Financial Code Bylaw 4.24 states, “The final ASCC Budget as approved by the Committee on Budget and Finance will be submitted to the designated district administrator for review, Senate approval, and eventual review by the Board of Trustees.”

The court has interpreted that to mean senate only has the right to approve and disapprove of the budget and does not have the authority to make amendments to the budget.

Senate would make recommendations for amendments, which would then be discussed made or perhaps not made by the Committee on Budget and Finance.

With only three ASCC Senate meetings left in this spring semester; that means an approval of the budget must be reached for funds to be available for the 2017-2018 academic year.
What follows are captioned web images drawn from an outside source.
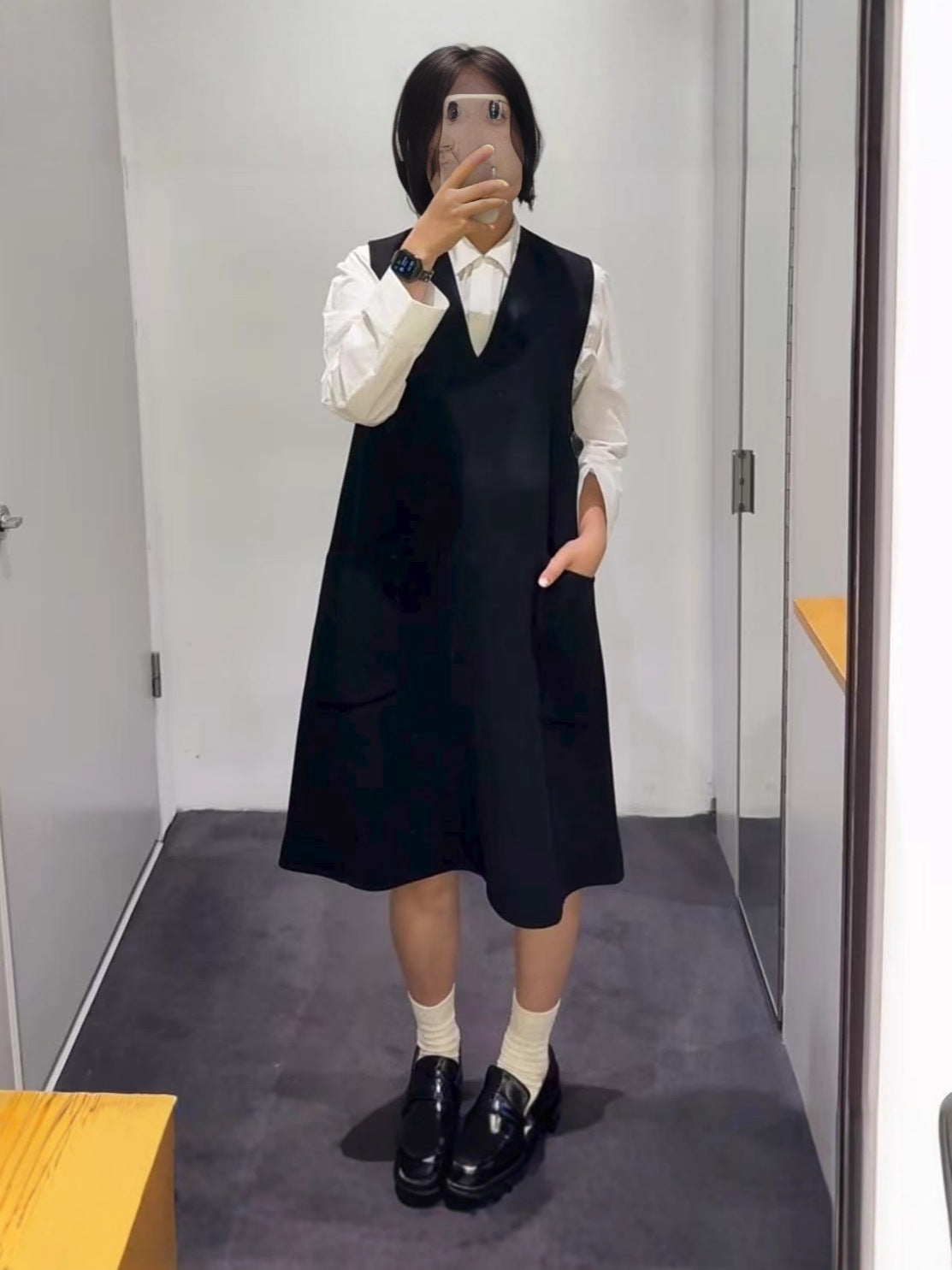 Palma Blend Dress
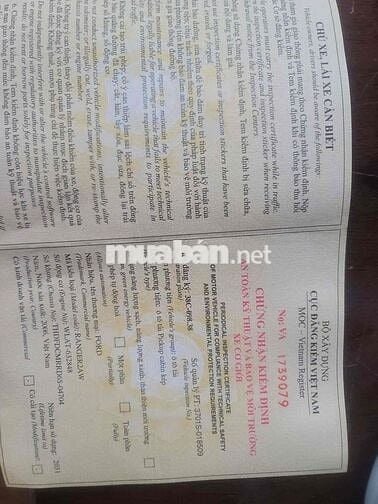 Ford Ranger 2006 XLT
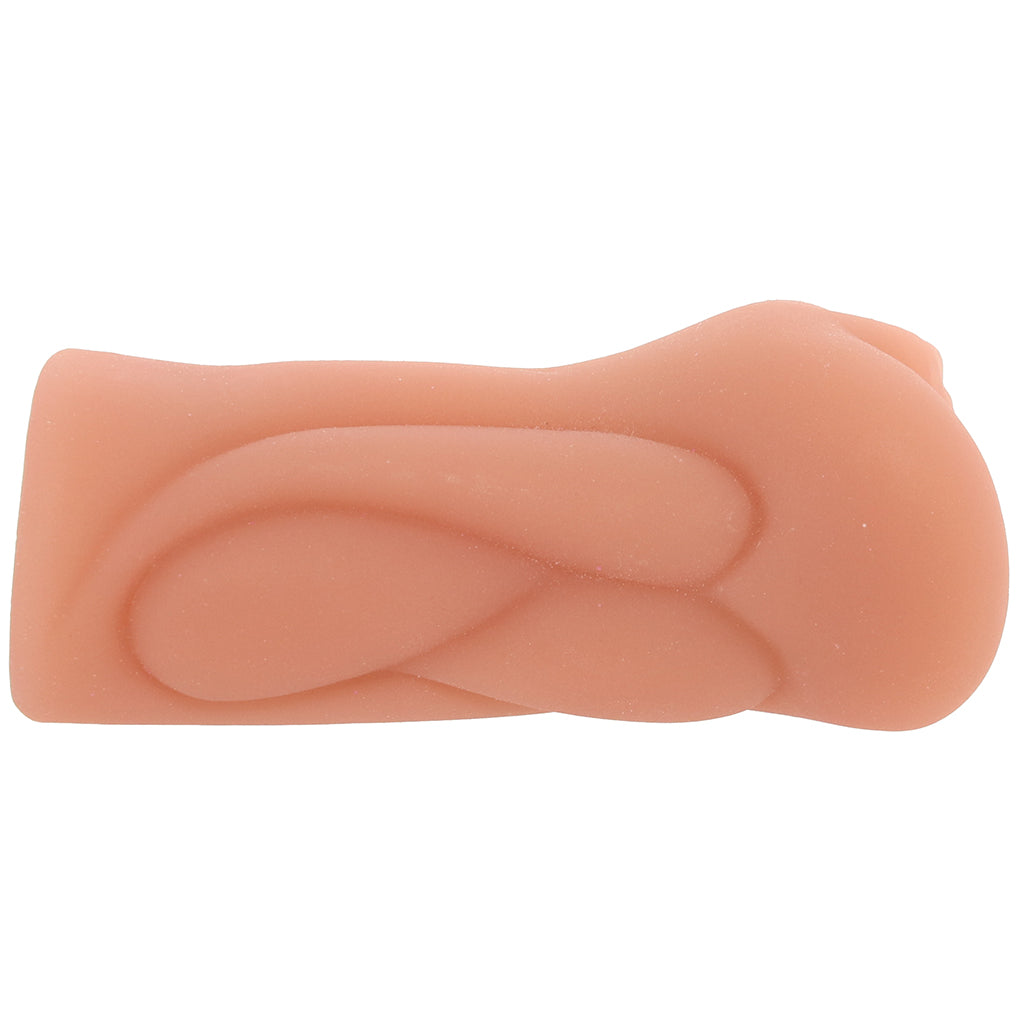 Always Horny Monica Tight & Wet Pussy Stroker - Tophatter's Adult Sex Toys Online Male Masturbators > Pocket Strokers - Tophatter Daily Deals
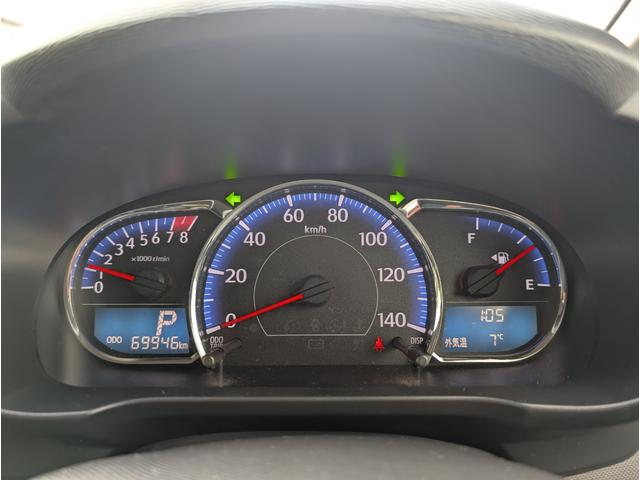 ムーヴ カスタム　Ｘ　４ＷＤ■寒冷地仕様■１オーナー■　純正メモリナビ／ＣＤ再生／１セグＴＶ／オートエアコン／オートライト／ＬＥＤヘッドライト／フォグライト／スマートキー／電動格納サイドミラー／純正アルミホイール／リアスポイラー（12枚目）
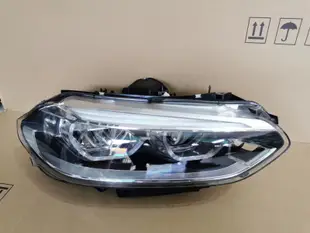 BMW 寶馬 LED HID 大燈 後燈 F30 F20 X5 F10 G30 E30 F33 3系列 5系列 7系列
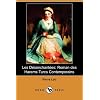 Les Desenchantees: Roman Des Harems Turcs Contemporains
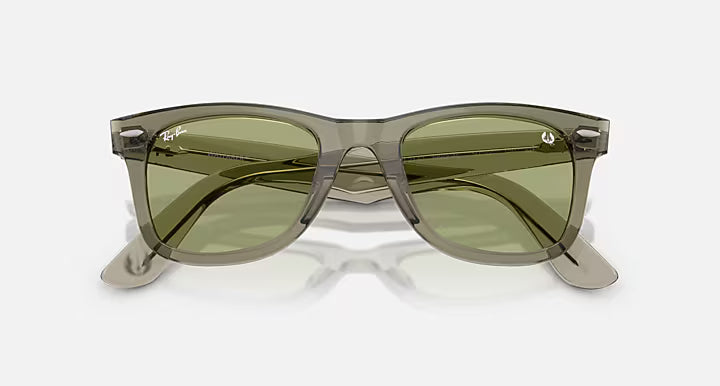 RAY-BAN STAR WARS™ – MASTER YODA WAYFARER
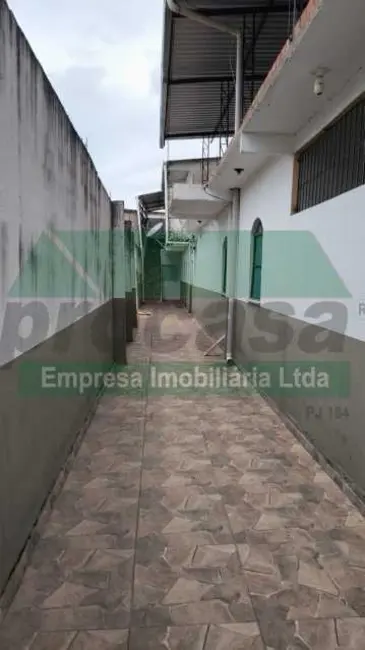 Foto 1 de Casa com 3 quartos à venda, 300m2 em Manaus - AM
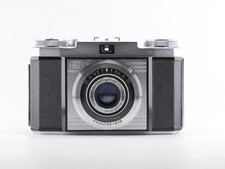 Zeiss Ikon Contina - Macchina fotografica classica 35mm di produzione tedesca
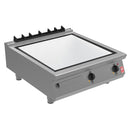 E9581CR chrome griddle plate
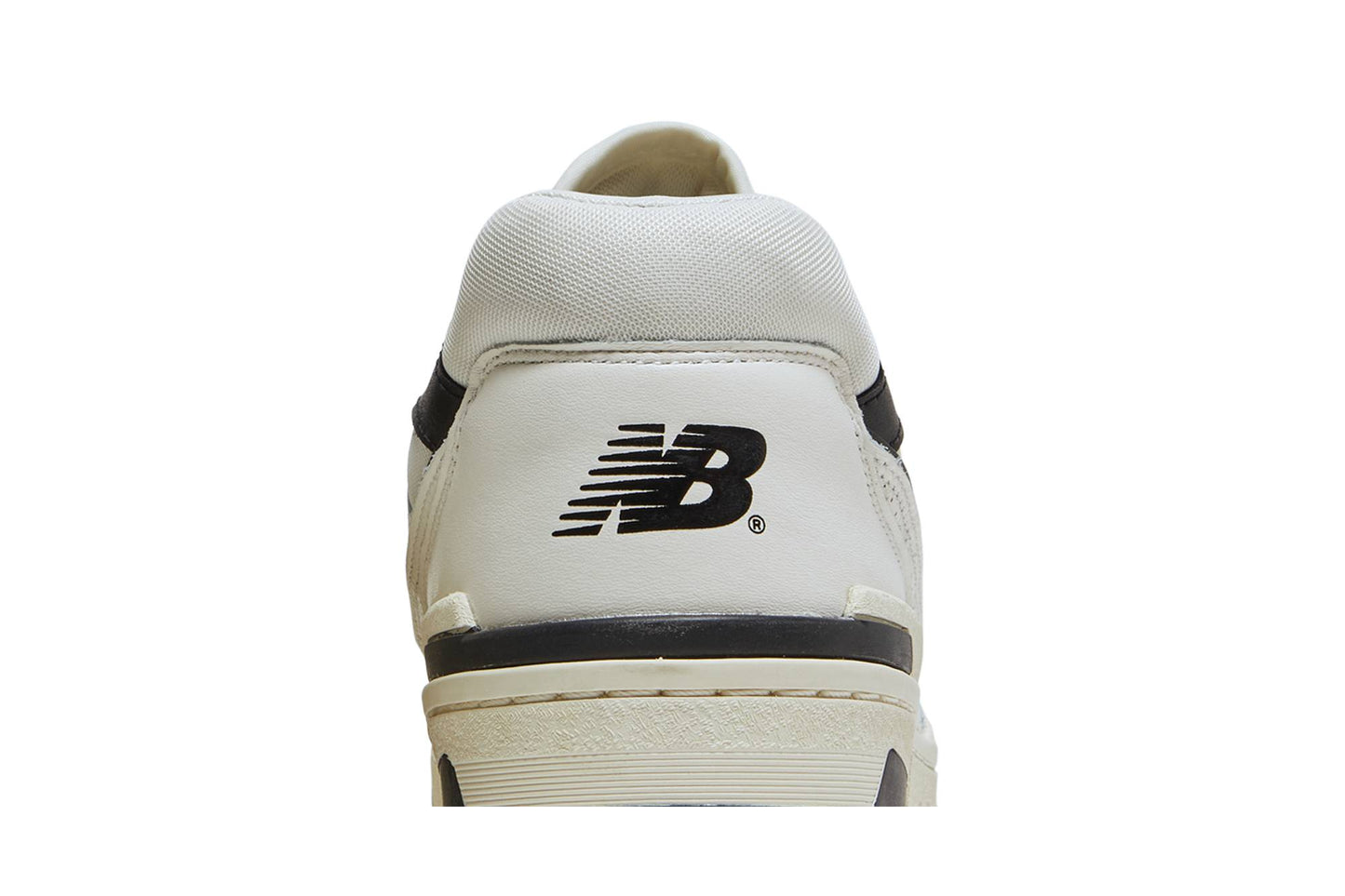 New Balance 550 ‘Cream Black’ BB550LWT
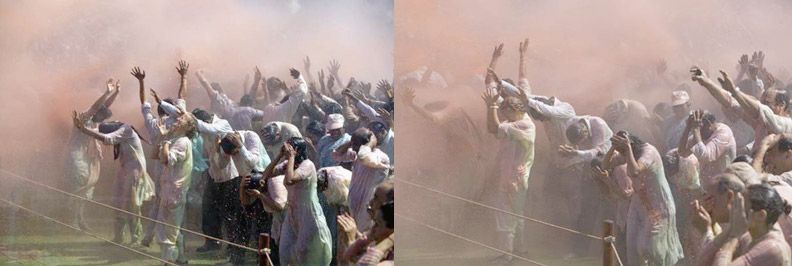 Prem Rawat Inspirational Speaker Holi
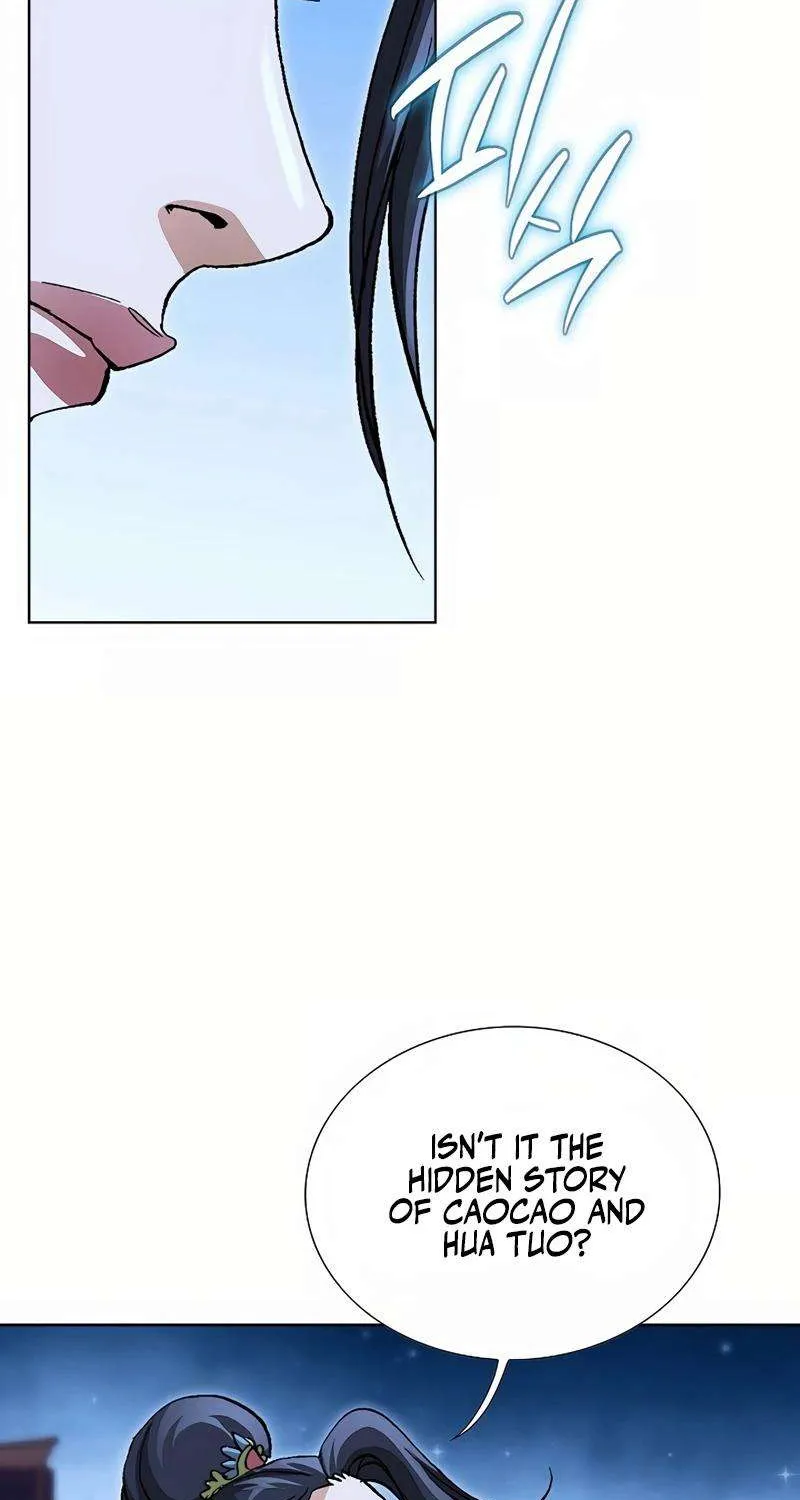 Peerless Chapter 43 page 30 - 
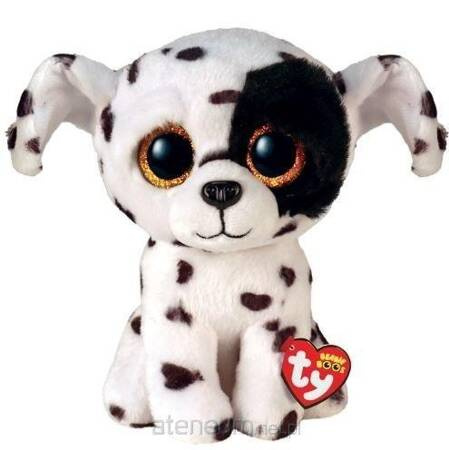 Beani Boos Luther - Dalmatyńczyk 15 Cm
It also means that any amendments senate recommends would not be approved until the next senate meeting on Wednesday, May 3 and that’s only if the Committee on Budget and Finance agrees to make the amendments.

Per the ASCC bylaws the purpose of the annual budget is to provide funding for the ASCC program of activities and services, and should also reflect the educational needs of the college by placing a priority on its support of instructionally related programs.

It is up to a Budget and Finance Committee and ASCC Senate to approve how to spend that money.

Events like welcome day, conferences, club activities and the salaries of some students and staff get paid from the budget.

With an impending deadline and the pressure of not having a repeat of last year, in which senate did not approve a budget and hence delayed funds being distributed; senate has created legislation to change the bylaws.

During the Wednesday, April 26 senate meeting legislation was presented to change the bylaw 4.24 to allow senate to make amendments to the bylaw.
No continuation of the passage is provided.